人に悩みを打ち明けるのは難しい。労力もいる。

相手がいるということは、どうしたら伝わるのかを考えながら話さなければいけないし、相手が嫌じゃないかを気にしなければいけない。いや、そもそも、朔太郎が言っているように、「自分の悩みを言語化する難しさ」に直面することになる。これはとても難題だ。二重三重に苦労しなければいけない。しかもその結果、何かが解決するかと言ったら、大抵は解決しない。同情されたり、慰められたりして終わりだ。何にもならない。

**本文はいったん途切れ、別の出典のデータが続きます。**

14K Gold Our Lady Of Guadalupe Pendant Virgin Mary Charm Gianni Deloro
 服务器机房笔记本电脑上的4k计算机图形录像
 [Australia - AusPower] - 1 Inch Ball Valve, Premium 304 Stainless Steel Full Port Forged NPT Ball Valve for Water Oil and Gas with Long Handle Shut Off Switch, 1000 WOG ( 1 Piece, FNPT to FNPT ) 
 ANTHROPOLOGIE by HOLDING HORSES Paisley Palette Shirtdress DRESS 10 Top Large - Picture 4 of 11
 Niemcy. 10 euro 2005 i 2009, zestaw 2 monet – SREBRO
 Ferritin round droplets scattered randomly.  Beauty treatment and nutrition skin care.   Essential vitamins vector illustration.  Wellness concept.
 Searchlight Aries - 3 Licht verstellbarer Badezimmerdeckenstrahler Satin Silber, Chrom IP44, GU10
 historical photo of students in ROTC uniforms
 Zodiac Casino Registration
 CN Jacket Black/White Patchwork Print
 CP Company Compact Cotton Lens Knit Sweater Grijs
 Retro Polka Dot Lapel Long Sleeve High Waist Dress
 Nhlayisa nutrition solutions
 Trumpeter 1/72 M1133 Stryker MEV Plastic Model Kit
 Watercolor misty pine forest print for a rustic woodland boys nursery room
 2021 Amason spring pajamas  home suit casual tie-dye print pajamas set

つらいとき、頼れるべき人は誰でもない自分自身である。そして自分以外に存在しない。

もし存在するとしたら、それはとても幸運なことだ。

愛すべき家族、恋人、友人。

自分以外に一人ても頼れる人がいたら…。


苦しいときに、先の精神科だか何かの発言を見て更に心が削られながらも見つけたブログがあった。

今日まで生きたあなたに敬意を示す、と書いてあった。

私はそのブログに深く助けられ、今でも辛いときは読むようにしている。


明日明後日、1年後、3年後、10年後、私がどう生きているのか、幸せか苦しんでいるか、そもそも生きているか、何もわからない。


けど、私は今日も生きている。


苦しみもがき涙を流しながらも一分一秒を必死に生きている。

この事実に私も私自身に敬意を示したい。


過去の私へ。

貴方は必死に生きてきた。

つらいこともたくさんあった。幸せと思えないかもしれない。けど生きていた。

今はただ、その事実だけに目を向けて、敬意を示したい。


未来の私へ。

辛いときは過去の私に目を向けて欲しい。

貴方はたくさん乗り越えてきた。

だから今も乗り越えろ、と言いたいわけではない。

あなたの好きなように人生を歩んで欲しい。

大切な人は傷つけず、自分も傷つけず、上手く折り合いをつけながら、悩みながら。

つらかったら、休んで欲しい。

苦しかったら、泣いて欲しい。

自分のために、生きて欲しい。


好きなことを思い出して、ゆっくり楽しんで。

どうせ後悔だらけの人生なんだ、気負わずに、ただ時を過ごして暮れればそれで、多分大丈夫だから。